WHAT YOU WILL DO:
Lines before the one containing "Lab Ruby Infinity" are left out; return that line and every line after it exactly, through the end of the data below.

Stored records
+++

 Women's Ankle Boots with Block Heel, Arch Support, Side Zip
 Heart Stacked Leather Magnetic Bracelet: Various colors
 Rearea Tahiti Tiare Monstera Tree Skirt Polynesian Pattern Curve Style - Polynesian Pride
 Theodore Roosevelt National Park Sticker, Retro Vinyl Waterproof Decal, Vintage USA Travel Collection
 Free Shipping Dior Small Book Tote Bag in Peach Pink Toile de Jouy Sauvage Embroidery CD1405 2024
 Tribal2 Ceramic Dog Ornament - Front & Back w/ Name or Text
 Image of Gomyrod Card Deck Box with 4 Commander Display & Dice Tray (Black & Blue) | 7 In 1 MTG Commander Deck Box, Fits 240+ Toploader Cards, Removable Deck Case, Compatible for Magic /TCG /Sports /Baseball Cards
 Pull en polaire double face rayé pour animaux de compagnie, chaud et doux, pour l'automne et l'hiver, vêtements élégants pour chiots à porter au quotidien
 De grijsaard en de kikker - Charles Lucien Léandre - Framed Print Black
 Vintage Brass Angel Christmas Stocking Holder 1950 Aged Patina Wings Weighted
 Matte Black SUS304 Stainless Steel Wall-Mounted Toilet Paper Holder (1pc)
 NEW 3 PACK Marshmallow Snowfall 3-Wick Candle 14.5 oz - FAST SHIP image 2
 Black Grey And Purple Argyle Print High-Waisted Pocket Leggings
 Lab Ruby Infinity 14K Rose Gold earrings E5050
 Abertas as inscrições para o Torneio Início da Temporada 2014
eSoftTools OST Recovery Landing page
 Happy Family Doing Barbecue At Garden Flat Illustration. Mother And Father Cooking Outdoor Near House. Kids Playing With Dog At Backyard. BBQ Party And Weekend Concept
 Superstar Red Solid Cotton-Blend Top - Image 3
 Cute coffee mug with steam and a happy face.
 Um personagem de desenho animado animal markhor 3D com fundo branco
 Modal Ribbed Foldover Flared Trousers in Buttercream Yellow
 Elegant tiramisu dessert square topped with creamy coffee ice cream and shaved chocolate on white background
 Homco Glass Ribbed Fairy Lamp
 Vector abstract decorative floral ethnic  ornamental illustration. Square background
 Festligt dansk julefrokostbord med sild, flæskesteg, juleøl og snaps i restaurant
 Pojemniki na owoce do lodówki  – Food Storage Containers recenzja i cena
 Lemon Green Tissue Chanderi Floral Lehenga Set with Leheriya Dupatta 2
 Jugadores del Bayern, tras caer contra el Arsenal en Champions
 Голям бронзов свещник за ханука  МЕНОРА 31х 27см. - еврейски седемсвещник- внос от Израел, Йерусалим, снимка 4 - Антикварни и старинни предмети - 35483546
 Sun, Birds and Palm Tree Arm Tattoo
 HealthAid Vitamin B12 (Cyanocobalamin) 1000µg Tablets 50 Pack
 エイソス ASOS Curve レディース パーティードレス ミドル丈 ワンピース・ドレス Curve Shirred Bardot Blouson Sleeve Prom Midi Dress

+++

SOLUTION TO THE EXERCISE:
 Lab Ruby Infinity 14K Rose Gold earrings E5050
 Abertas as inscrições para o Torneio Início da Temporada 2014
eSoftTools OST Recovery Landing page
 Happy Family Doing Barbecue At Garden Flat Illustration. Mother And Father Cooking Outdoor Near House. Kids Playing With Dog At Backyard. BBQ Party And Weekend Concept
 Superstar Red Solid Cotton-Blend Top - Image 3
 Cute coffee mug with steam and a happy face.
 Um personagem de desenho animado animal markhor 3D com fundo branco
 Modal Ribbed Foldover Flared Trousers in Buttercream Yellow
 Elegant tiramisu dessert square topped with creamy coffee ice cream and shaved chocolate on white background
 Homco Glass Ribbed Fairy Lamp
 Vector abstract decorative floral ethnic  ornamental illustration. Square background
 Festligt dansk julefrokostbord med sild, flæskesteg, juleøl og snaps i restaurant
 Pojemniki na owoce do lodówki  – Food Storage Containers recenzja i cena
 Lemon Green Tissue Chanderi Floral Lehenga Set with Leheriya Dupatta 2
 Jugadores del Bayern, tras caer contra el Arsenal en Champions
 Голям бронзов свещник за ханука  МЕНОРА 31х 27см. - еврейски седемсвещник- внос от Израел, Йерусалим, снимка 4 - Антикварни и старинни предмети - 35483546
 Sun, Birds and Palm Tree Arm Tattoo
 HealthAid Vitamin B12 (Cyanocobalamin) 1000µg Tablets 50 Pack
 エイソス ASOS Curve レディース パーティードレス ミドル丈 ワンピース・ドレス Curve Shirred Bardot Blouson Sleeve Prom Midi Dress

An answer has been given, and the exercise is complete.